Why Did Bitcoin's Rally Stall at $74,000?
The five-day advance from Saturday's conflict-driven trough near $64,000 to Thursday's $74,000 high represented a roughly 15% gain, but the pullback has since erased approximately one-third of that move. FxPro chief analyst Alex Kuptsikevich pointed out that the rejection aligned with the 61.8% Fibonacci retracement level and fell just short of the 50-day moving average — two technical barriers that historically attract sellers during Bitcoin bear market rallies.
Fibonacci retracement levels stem from a mathematical sequence that traders deploy to pinpoint where a bounce is likely to exhaust itself. After a steep decline, prices tend to recover a predictable percentage of the drop before the prevailing trend reasserts itself. The 61.8% mark is the most closely monitored because it indicates a recovery has clawed back roughly two-thirds of its losses — enough to appear convincing, yet historically the zone where relief rallies tend to falter.
The 50-day moving average functions as a dynamic resistance line during downtrends, representing the price at which the average recent buyer breaks even and may choose to exit rather than hold. Bitcoin encountering both levels simultaneously turned $74,000 into a technically crowded ceiling.

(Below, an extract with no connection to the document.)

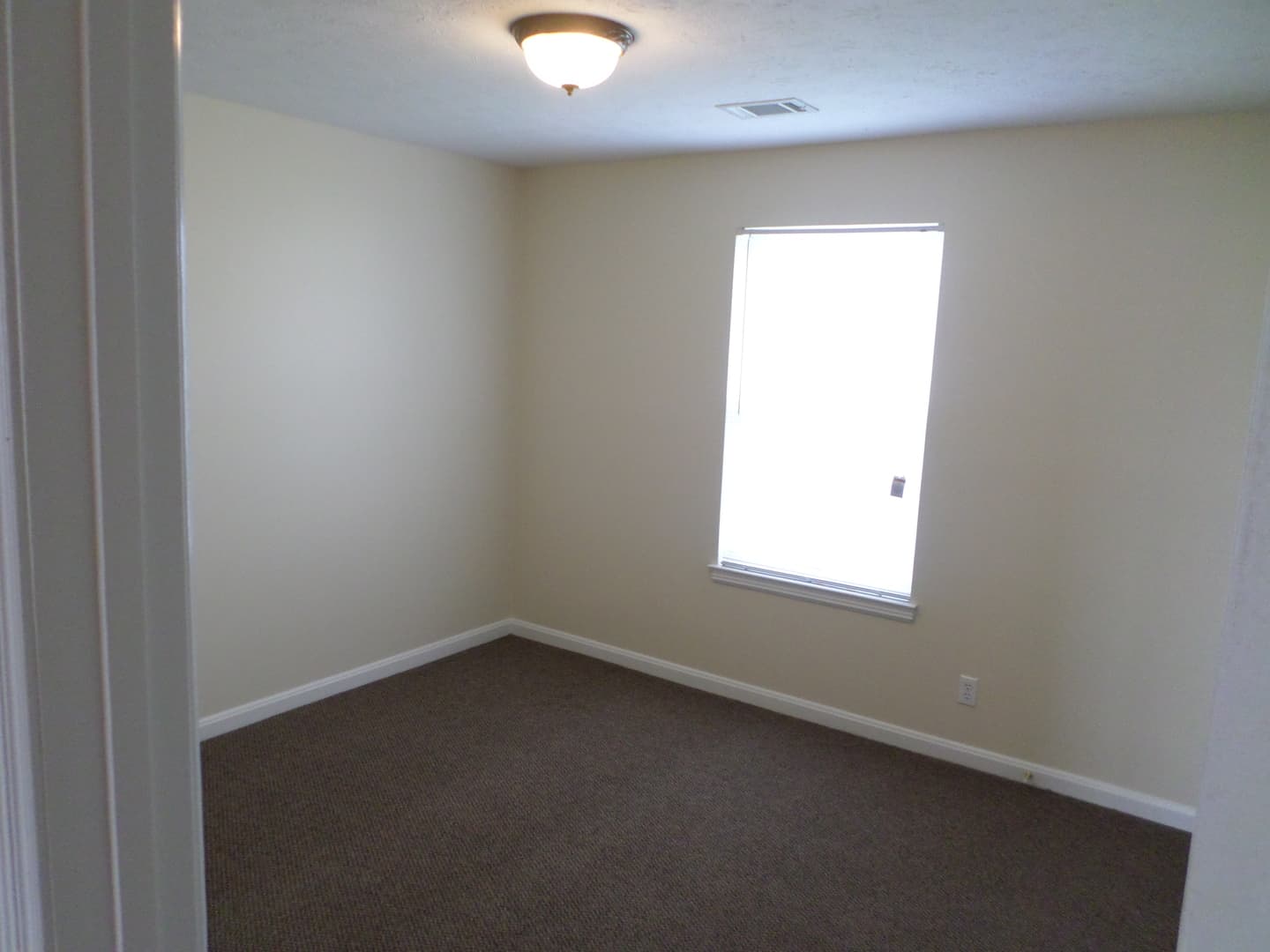 Frankfort Apartment: 100 Pinnacle Court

The bulls still have to convince the community that the bear market is over.
— Alex Kuptsikevich, FxPro Chief Analyst
Short Squeeze Dynamics and Liquidation Clusters
Kuptsikevich added that the magnitude of the rally was driven largely by a short squeeze, noting that bears had placed their stops too close to the market price. Bitunix analysts offered a complementary read on the microstructure, flagging that the push to $74,000 triggered concentrated short liquidations. Meanwhile, long leverage liquidation clusters sit around $70,000, with secondary liquidity pools near Dogecoin's reference level of $64,000.
That arrangement creates a well-defined trading range, with both the floor and ceiling clearly visible on the liquidation heat map. A decisive break in either direction would likely trigger cascading liquidations that accelerate the move.
Weekly Crypto Scoreboard
Despite the pullback, the seven-day numbers still favor the majors. Bitcoin is up 5.4% on the week. Ether gained 2.7% to trade at $2,080, while BNB climbed 3.1% to $648. Solana advanced 2.1% to $88.39. The notable laggards were Dogecoin, which shed 3.7% over the period, and XRP, essentially unchanged with a modest 0.2% decline.
Macro Headwinds From the Iran Conflict
The broader macroeconomic picture heading into the weekend remains turbulent. Asia's benchmark equity index has tumbled 6.4% since the Iran war erupted, putting MSCI's regional gauge on course for its worst weekly showing since March 2020. The U.S. dollar is tracking toward its strongest week since November 2024, and oil is posting its biggest weekly surge since 2022 — conditions that rarely sustain a crypto rally.
Friday offered a glimmer of tentative relief as Asian equities pared early losses after the dollar softened and crude prices eased on reports that the U.S. was weighing options to address the energy cost spike. Yet the conflict remains unresolved. The Senate failed to block President Trump's continued military operations against Iran, leaving war costs and energy disruption as open variables. Defense Secretary Hegseth has indicated operations could stretch three to eight weeks, and the Strait of Hormuz remains effectively disrupted.
What This Means Going Forward
The $70,000 threshold that served as resistance for a month has now become the first meaningful test of support. Holding above that level would lend credibility to the notion that the breakout from the war-driven low is genuine. Losing it, however, puts the $64,000 floor back into focus — the same level where buyers stepped in last Saturday when the conflict initially rattled markets. Traders will be watching the liquidation heat map closely over the weekend for signs of which side blinks first.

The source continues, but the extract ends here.